Memoria Imaterial CRL
Instituto de Estudos de Literatura e Tradição - patrimónios, artes e culturas

M E M O R I A M E D I A

e-Museu do Património Cultural Imaterial

O diabo e o Adolfo

nome:
Tia Desterra
ano nascimento:
 
freguesia: Póvoa de Varzim
concelho:
Póvoa de Varzim
distrito:
Porto
data de recolha: 2007
 
 

Dados de inventário
  • O Diabo e o Adolfo
  • Póvoa de Varzim

    "O Diabo e o Adolfo" - Relato da aparição do Diabo a um homem e da maldição que tal encontro lhe valeu.

    Ti Desterra, Póvoa de Varzim, Registo 2007

Transcrição
  • O diabo e o Adolfo

     

    Antigamente isto não era assim. E então, uma vez, os homens foram para o mar. Tudo às escuras: faz uma pequena ideia, não é? Os barcos passavam nos paus dos outros… As mulheres, como eu digo, iam a acompanhar os homens quando eles iam para o mar – já expliquei. Às tantas, um diz assim para mulher:

    - Eu vou ali dar o corpo e venho já.

    Mas hoje, se dissesse que um homem que foi à praia dar o corpo, o que é que a gente pensava? Pense bem! Isto é assim um bocadinho… mas é verdade. A mulher disse:

    - Vai-te, vai-te… Vai ali atrás do barco.

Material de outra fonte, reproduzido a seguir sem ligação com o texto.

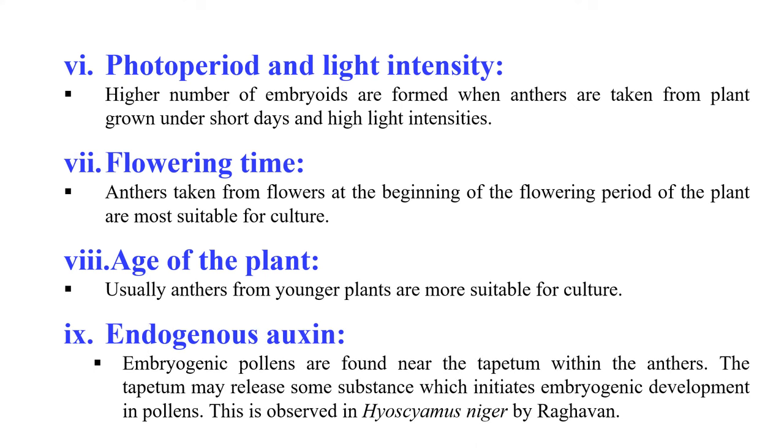Regarding endogenous auxin, androgenic pollen are found near the tapetum within the anther, and the tapetum may release some substances which may initiate androgenic development in the pollen. The endogenous level of auxin also affects the culturing of anthers. This concludes the discussion on anther and pollen culture and the various factors affecting them.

    O homem foi mas o homem nunca mais apareceu.

    - Ah, mulher, então? O teu marido não vem?

    - Ah, ele foi ali dar o corpo, ele vem já!

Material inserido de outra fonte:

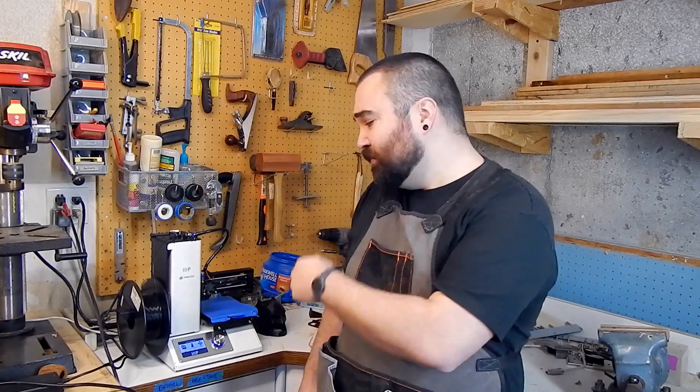Hey guys, Anthony Tackett. As some of you may know from my last video, I got a 3D printer, which I'm super stoked about. I'm out in my shop today — my office is closed — so I figured I'd go ahead and shoot a review of this guy. This is the Monoprice Select Mini, so let's go ahead and dive in.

    - Ó cachopa! -disse o Mestre. -Tu vai ali ver o que é que se passou. Se calhar o homem está a passar mal. Vai ali ver!

    - Ó Adolfo! Ó Adolfo! Ó Adolfo!... -nunca mais o Adolfo aparecia.

    A mulher foi dar com o homem, estava o homem agachadinho:

    - Shhh, shhh, shhh!…

    - Que foi, homem?

    - Cala-te, mulher, cala-te!

    - O que foi, homem? O que foi?! -começou logo a disparatar, não é?

    A mulher do mar não falava mal. Não dizia palavrões. Hoje, sim. Hoje, as mulheres que vendem peixe dizem muitos palavrões. A mulher do mar não dizia. Quando dizia desgraçada a uma filha, já era apontada pelos outros que já estava a falar mal. Portanto não havia curtas nem compridas, não.

    - Ó desgraçado, que foi que te aconteceu?

    - Cala-te, mulher!

    Dizia ela:

    - Levanta-te!

    Diz ele:

    - Ó mulher, que está ali o diabo na nossa frente!

    Diz ela:

    - Aonde?

    - Está, mulher! Está ali o diabo na nossa frente, mulher! Tu não sabes, está ali o diabo na minha frente!

    A mulher, que não via diabo nenhum:

    - Estás doido!!! Tu bebeste a garrafa de vinho que levaste para o mar?

    Diz ele:

    - Não, mulher! […] direitinho! -o homem estava todo borrado. Desculpe a impressão, estava todo borrado.

    Diz a mulher:

    - Ó desgraçado, vai-te lavar ao mar, desgraçado! -que os pescadores levavam sempre roupa sobresselente, caso venha uma vaga do mar e os molhe. -Vai-te lavar ao mar, desgraçado!

    - Cala-te, mulher! -o homem atrás da mulher.

    Então o que é que o homem contou? Ele depois a relatar a história aos outros. O homem, coitado, estava aflito, lá foi fazer as necessidades dele – que a mulher disse que ele ia dar o corpo, porque era assim que eles diziam. Chegou ali, o homem ia para arrear (com licença) as calças, não é? E de repente viu aquela pessoa na frente dele. Diz que era um homem com dois cornos, um para cada lado, com um rabo muito comprido. Descrevia que era o diabo – o diabo que eles viam nas fotografias. E havia quem visse o diabo muitas vezes! E dizia: tanto aparecia como um homem muito perfeito, muito bonito, como aparecia na pior figura que podia haver. O homem assustou-se, olhe, assim era ele: ficou ali quietinho, nem se mexeu mais – ali. E o diabo sempre na frente dele, a rir-se – diz que a rir-se, de volta dele, a rir-se, a gozar com o homem!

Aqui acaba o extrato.